What needs to be done: Exactly as they appear below, repeat the lines from the one with "BEACHFRONT with Seaviews" through the one with "Spacious open-plan living". Drop every picture.

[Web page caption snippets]
- - -

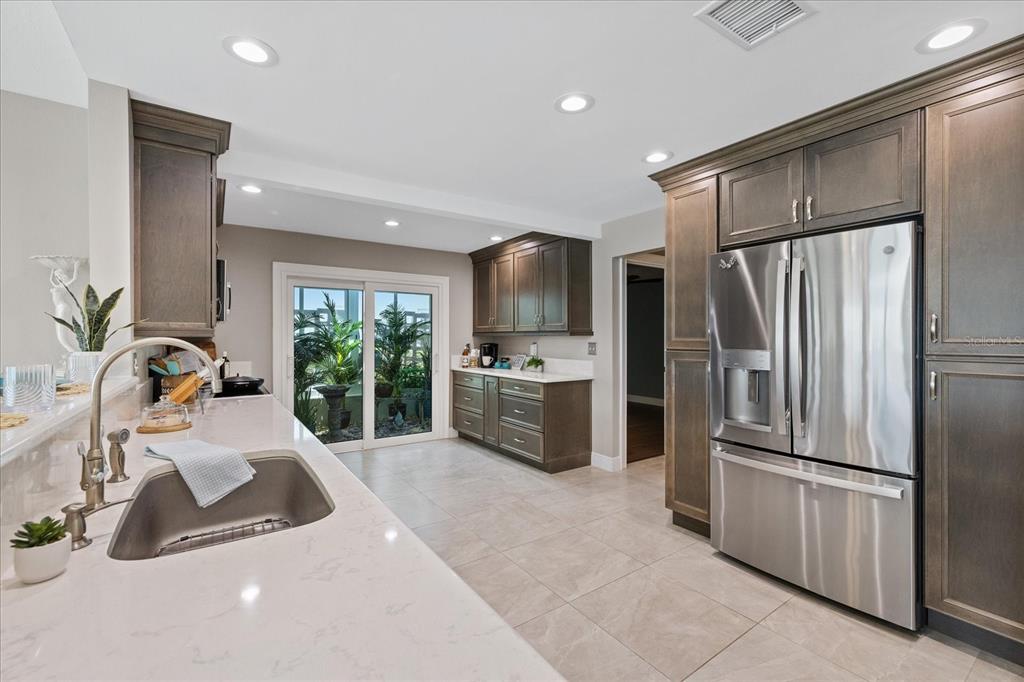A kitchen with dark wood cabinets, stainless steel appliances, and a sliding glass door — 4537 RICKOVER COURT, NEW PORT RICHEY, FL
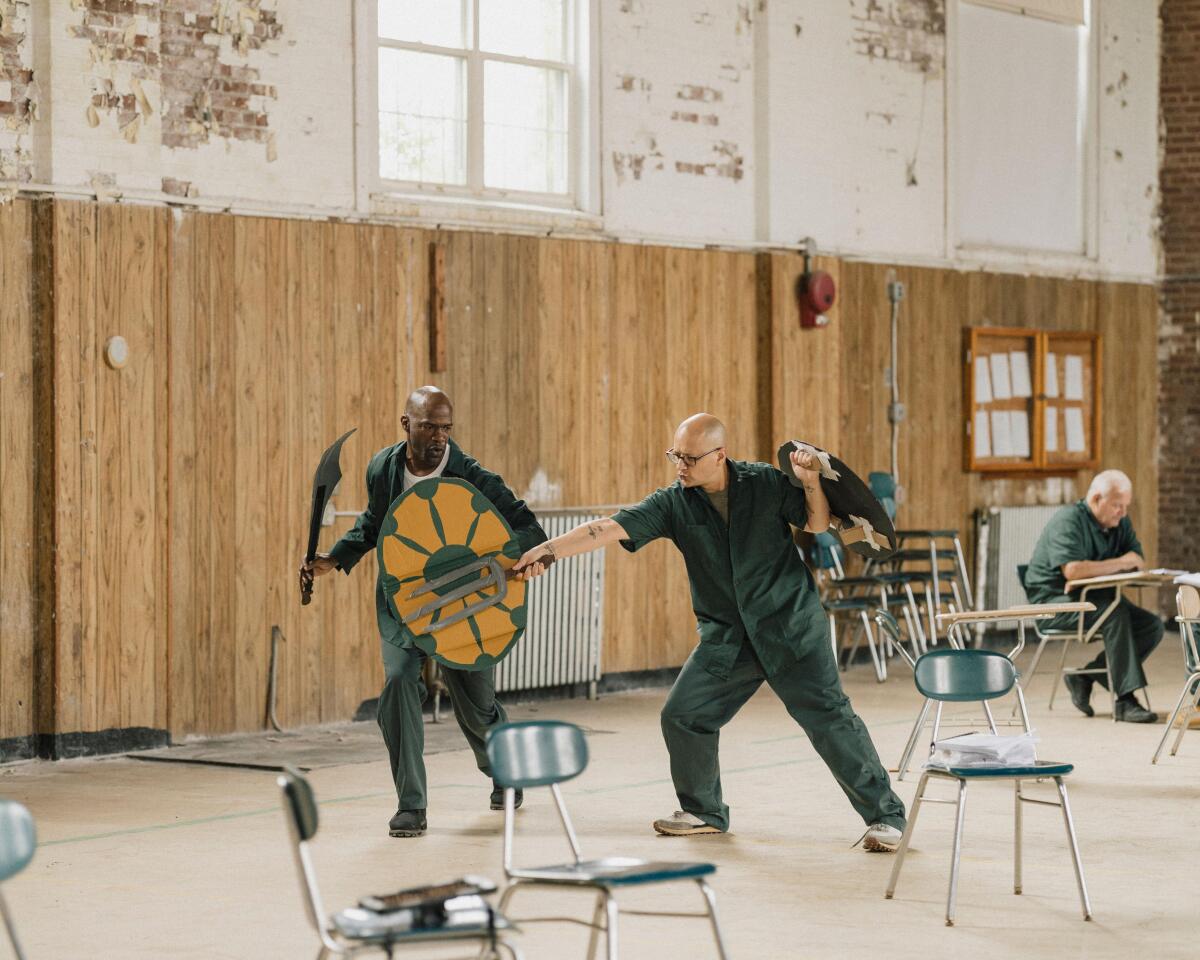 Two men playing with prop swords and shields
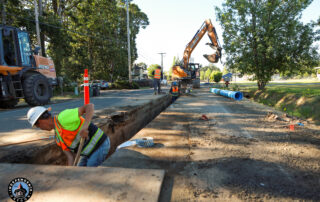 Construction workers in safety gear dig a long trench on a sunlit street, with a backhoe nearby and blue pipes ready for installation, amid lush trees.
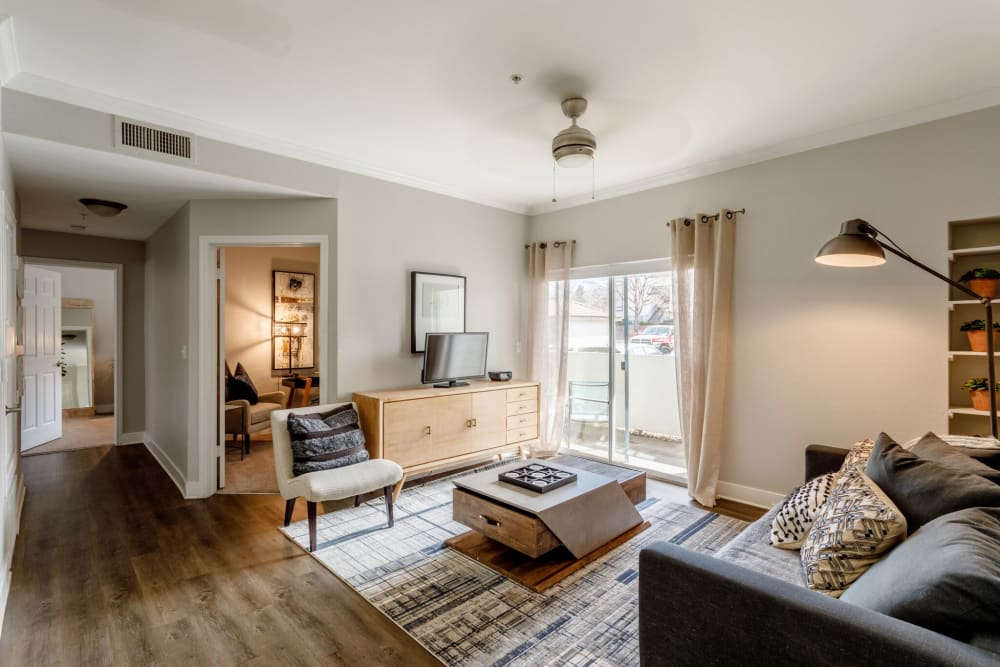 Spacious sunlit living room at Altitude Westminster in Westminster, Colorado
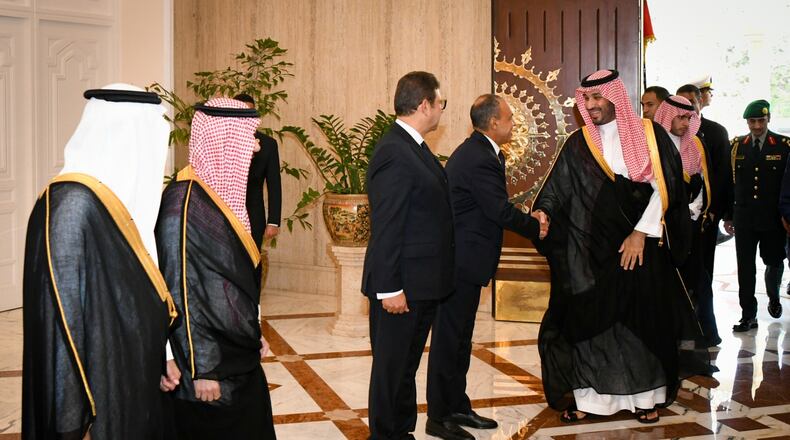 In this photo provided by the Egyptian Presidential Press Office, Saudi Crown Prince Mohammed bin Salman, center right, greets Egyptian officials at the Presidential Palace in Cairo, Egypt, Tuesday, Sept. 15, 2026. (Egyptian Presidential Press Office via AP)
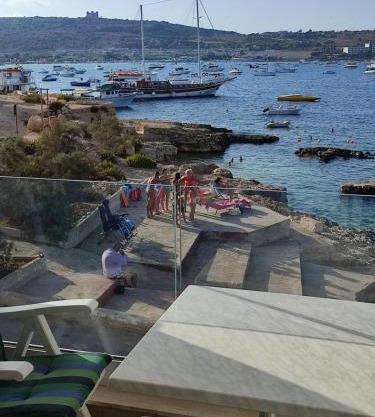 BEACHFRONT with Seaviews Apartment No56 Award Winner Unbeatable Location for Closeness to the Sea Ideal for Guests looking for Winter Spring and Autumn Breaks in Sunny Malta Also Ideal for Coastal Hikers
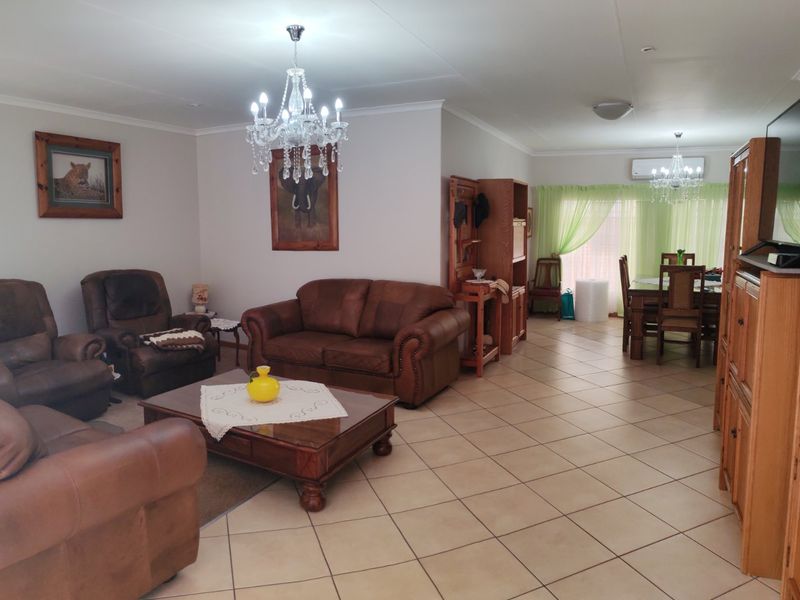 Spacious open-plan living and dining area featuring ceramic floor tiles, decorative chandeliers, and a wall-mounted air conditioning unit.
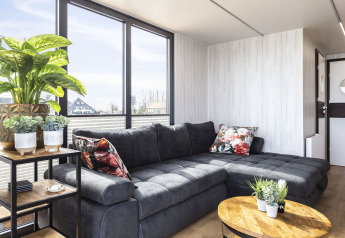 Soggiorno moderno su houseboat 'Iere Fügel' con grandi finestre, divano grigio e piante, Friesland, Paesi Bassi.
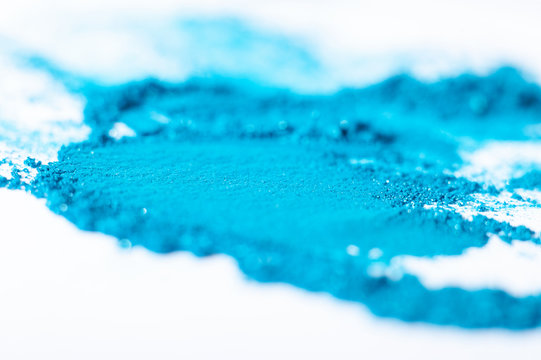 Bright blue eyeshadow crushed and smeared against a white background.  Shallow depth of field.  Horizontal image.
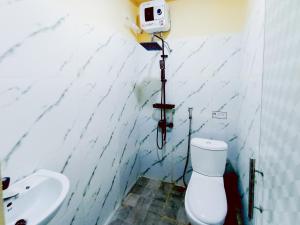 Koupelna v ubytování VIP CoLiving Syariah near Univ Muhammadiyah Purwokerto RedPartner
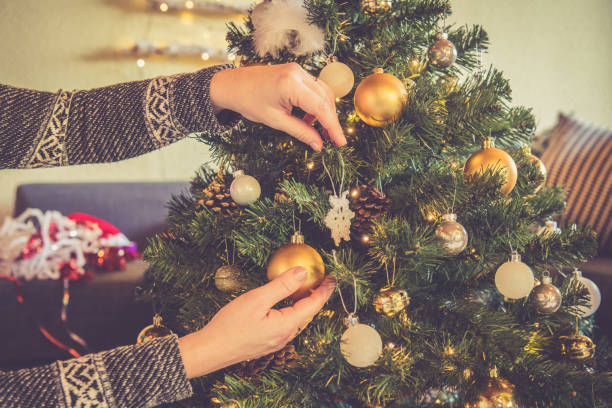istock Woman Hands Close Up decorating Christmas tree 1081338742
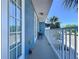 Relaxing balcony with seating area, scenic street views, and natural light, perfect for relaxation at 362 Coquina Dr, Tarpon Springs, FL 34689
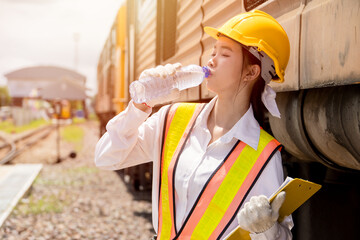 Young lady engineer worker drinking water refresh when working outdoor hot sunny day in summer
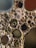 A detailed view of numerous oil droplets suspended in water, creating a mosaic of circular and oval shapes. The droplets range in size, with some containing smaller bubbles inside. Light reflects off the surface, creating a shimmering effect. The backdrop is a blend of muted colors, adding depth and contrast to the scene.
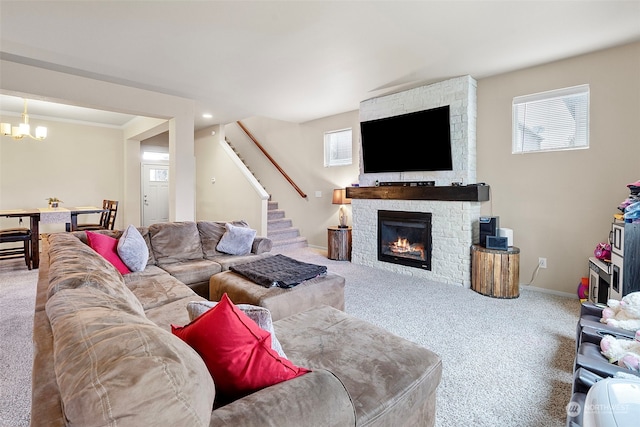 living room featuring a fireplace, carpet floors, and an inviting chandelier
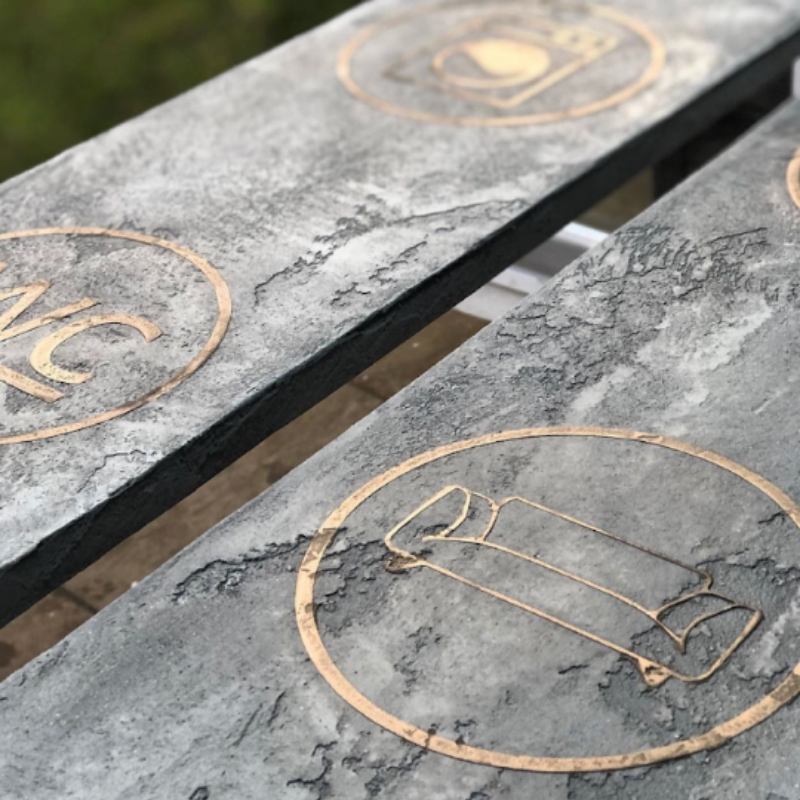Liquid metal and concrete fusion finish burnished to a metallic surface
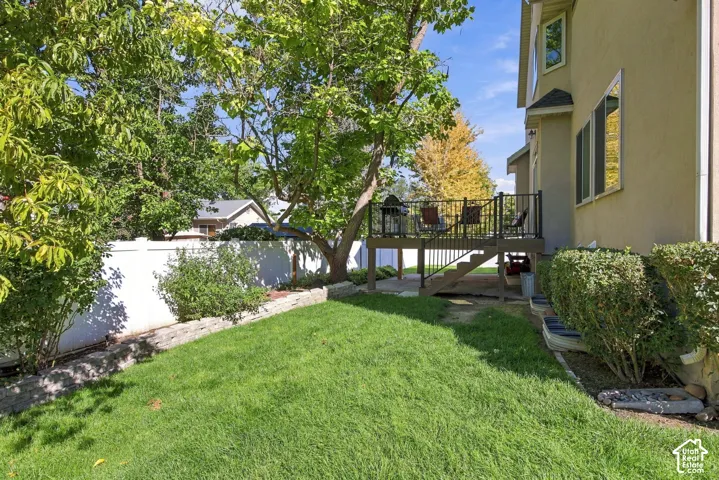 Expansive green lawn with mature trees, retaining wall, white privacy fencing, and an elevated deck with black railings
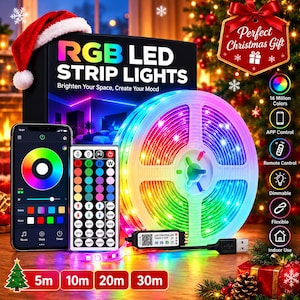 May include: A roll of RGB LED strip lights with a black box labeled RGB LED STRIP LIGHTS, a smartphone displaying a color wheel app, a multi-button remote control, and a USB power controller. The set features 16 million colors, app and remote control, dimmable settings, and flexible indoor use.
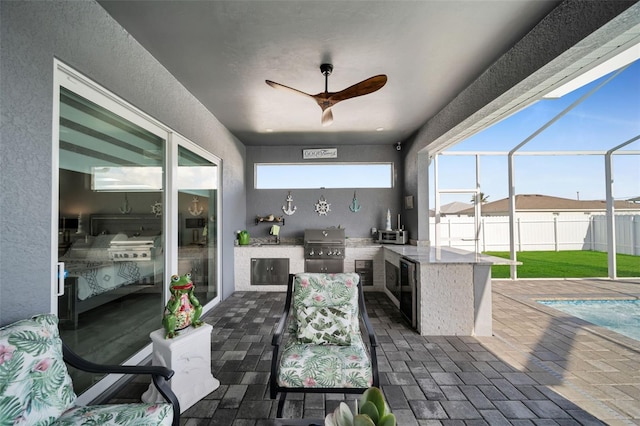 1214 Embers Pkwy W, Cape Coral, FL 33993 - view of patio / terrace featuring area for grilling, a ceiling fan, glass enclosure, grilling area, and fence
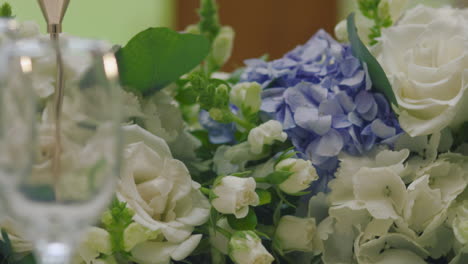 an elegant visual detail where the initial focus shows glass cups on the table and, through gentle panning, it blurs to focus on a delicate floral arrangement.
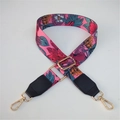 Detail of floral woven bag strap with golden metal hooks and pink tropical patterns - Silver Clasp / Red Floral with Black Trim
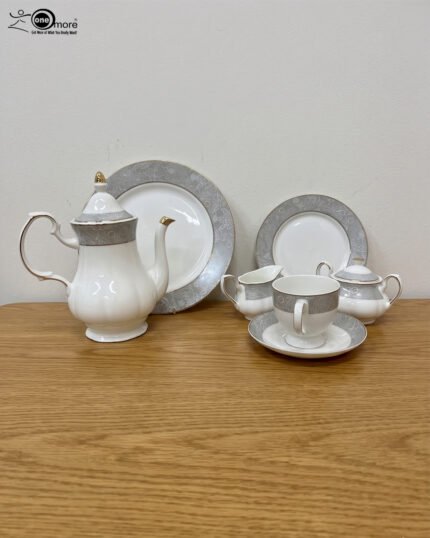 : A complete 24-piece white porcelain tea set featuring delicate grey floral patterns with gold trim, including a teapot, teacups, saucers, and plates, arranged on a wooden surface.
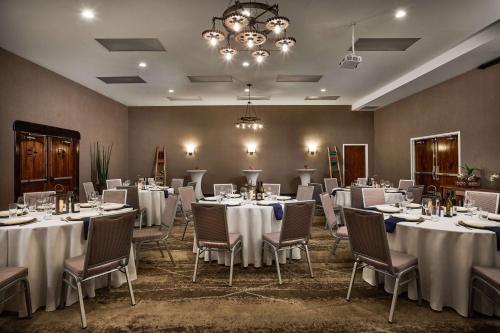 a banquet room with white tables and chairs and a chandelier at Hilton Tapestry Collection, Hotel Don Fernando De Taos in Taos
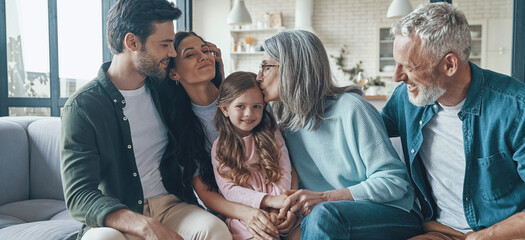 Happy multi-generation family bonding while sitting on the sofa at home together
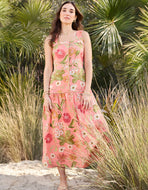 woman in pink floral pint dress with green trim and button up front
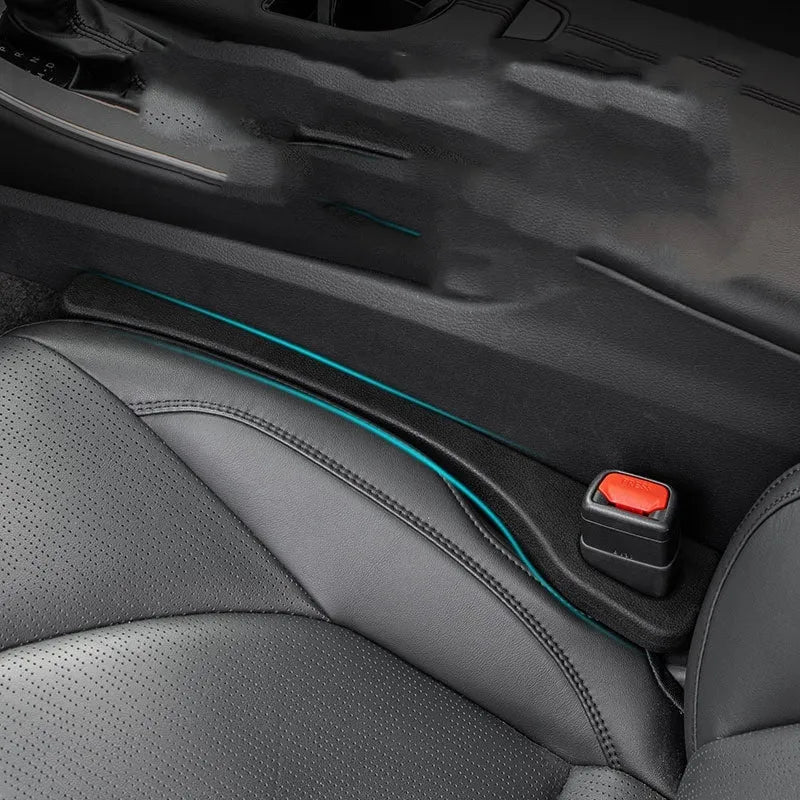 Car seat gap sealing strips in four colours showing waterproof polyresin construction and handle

- - -

Reply:
 BEACHFRONT with Seaviews Apartment No56 Award Winner Unbeatable Location for Closeness to the Sea Ideal for Guests looking for Winter Spring and Autumn Breaks in Sunny Malta Also Ideal for Coastal Hikers
 Spacious open-plan living and dining area featuring ceramic floor tiles, decorative chandeliers, and a wall-mounted air conditioning unit.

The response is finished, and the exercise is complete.